Bank of England raises rates to 14-year high

2nd February 2023
Home > News > Bank of England raises rates to 14-year high

Reported by Robyn Hall - The Negotiator 

The Bank of England today raised interest rates to 4% - a 14-year high and the 10th consecutive raise - making rates their highest since 2008 as double digit inflation continues to bite.

The Bank of England today raised the base rate from 3.5% to 4% – a 14-year high and the 10th consecutive raise – making rates their highest since 2008 as double digit inflation continues to bite. While most borrowers are already fixed into mortgage deals some 2.2 million are thought to be exposed to rate rises and more than a million are forecast to renew fixed-rate deals later this year.

Meanwhile Nationwide reported yesterday that house prices in the UK fell again in January, sliding for the fifth month in a row.

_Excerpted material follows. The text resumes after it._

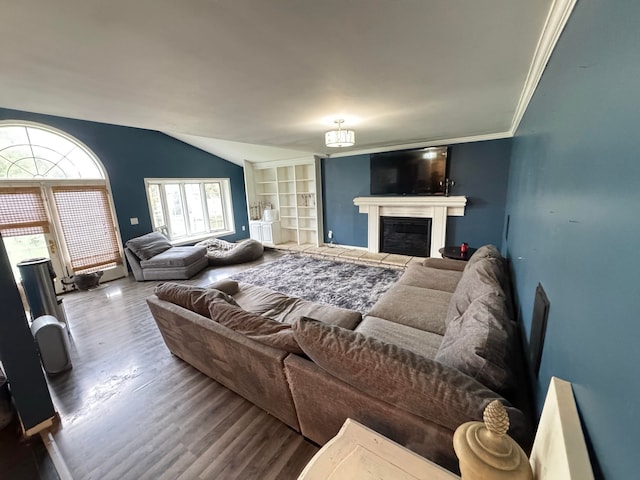 living room featuring a chandelier, hardwood / wood-style floors, ornamental molding, and lofted ceiling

The Bank of England says that while global consumer price inflation remains high it is likely to have peaked in the UK as well as in other advanced economies.

“Many central banks have continued to tighten monetary policy, although market pricing indicates reductions in policy rates further ahead.

“Given the lags in monetary policy transmission, the increases in Bank Rate since December 2021 are expected to have an increasing impact on the economy in the coming quarters.

“The Committee has voted to increase Bank Rate by 0.5 percentage points, to 4%, at this meeting. Headline CPI inflation has begun to edge back and is likely to fall sharply over the rest of the year as a result of past movements in energy and other goods prices.“However, the labour market remains tight and domestic price and wage pressures have been stronger than expected, suggesting risks of greater persistence in underlying inflation.”

“Looking further ahead, the MPC will adjust Bank Rate as necessary to return inflation to the 2% target sustainably in the medium term, in line with its remit.”


However despite the gloom some long-term money deals have already started to fall. Just this week Virgin Money launched a sub 4% 10-year fixed rate deal.

Nathan Emerson, Propertymark

Nathan Emerson, Chief Executive of Propertymark, says: “We of course are seeing challenges within the market as the cost of people’s mortgage payments are in some cases a lot higher than they have been traditionally used to.

“However, due to the demand for homes continuing to outweigh the number of properties available, this is fuelling a more stable market.

“With Banks stress testing people’s finances for many years, arrears and repossessions aren’t drastically increasing and we are therefore seeing a levelling out of the market and a return to more normal levels of housing transactions.”


Yesterday the Federal Reserve raised rates 0.25% while later this afternoon the European Central Bank will also make its interest rate decision, with many pundits forcasting a 0.5% raise too.